A litmus test of political acceptability among the sustainability community is one’s attitude toward Wal-Mart, a commonly agreed-upon enemy for many good reasons (not the least among them, the company’s labor practices). Now, with its foray into the organic food market, Wal-Mart is identified by the New Yorker’s Field Maloney on Slate.com as an unlikely champion of access: “The organic-food movement is in danger of exacerbating the growing gap between rich and poor in this country by contributing to a two-tiered national food supply, with healthy food for the rich. Could Wal-Mart's populist strategy prove to be more ‘sustainable’ than Whole Foods? Stranger things have happened.” This said, and given the assumption that buying locally produced organic food is preferable, what can someone who is both sustainability-conscious and socioeconomically conscious do?

 

Shop at your local farmers’ market.

Farmer’s markets can be found in almost every community, though access issues exist for the poor here in terms of geographic access.

 

Join a CSA.

According to the Practical Farmers of Iowa, Community Supported Agriculture is a “relationship of mutual support…between local farmers and community members who pay the farmer an annual membership fee to cover the production costs of the farm. In turn, members receive a weekly share of the harvest during the local growing season.” The subscription fee is usually affordable for most incomes, $100 to $200 for the season roughly spanning May through October. Many farms provide sliding-scale fees or special discounted subscriptions as well, for low-income individuals or families (why don’t “community” co-op groceries do this?)

 

During the winter, choose lower-priced chain store organics when possible.

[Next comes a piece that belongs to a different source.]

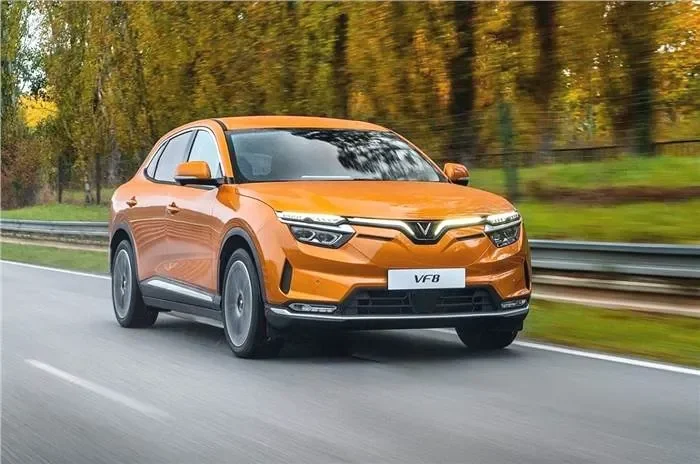 vinfast guncang subang pabrik mobil listrik resmikan 15 000 lowongan kerja menanti warga lokal portal berita terbaru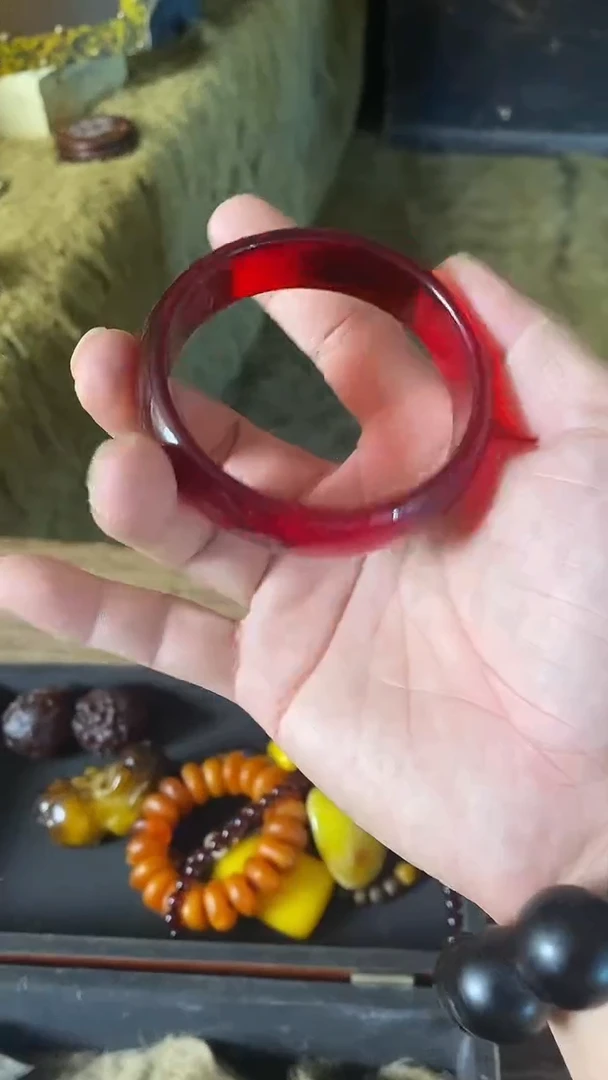 盛特杂货铺臻选阁闪购链接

This advice is likely to be controversial, but voting with your dollars can help pressure specialty natural-foods stores to adapt their pricing to an increasingly socially conscious customer base. A Green Left review by Belinda Selke of Peter Singer and Jim Mason’s 2006 book The Ethics of What We Eat gives us something to think about, if you’re feeling guilty about not buying locally during part of the year:

…locally grown food is preferable because it keeps dollars in local communities, supports small-scale farming, and is better for the environment because it reduces carbon emissions and packaging waste. But when you live in one of the wealthiest countries on the planet, wouldn’t it be more ethical to support poor farmers in underdeveloped nations by purchasing their produce imported under fair trade conditions? And what if your local family farmer doesn’t pay award wages or let its workers join a union? Singer and Mason also show how buying distantly produced food can contribute less to global warming — for example, when it is grown seasonally, in soils and climates naturally suited for its production and transported by sea (which is very efficient in fossil fuel terms). Singer and Mason are not opposed to buying locally, but recognise that it is not automatically the more ethical choice.

 

Learn more about food and class, and educate others.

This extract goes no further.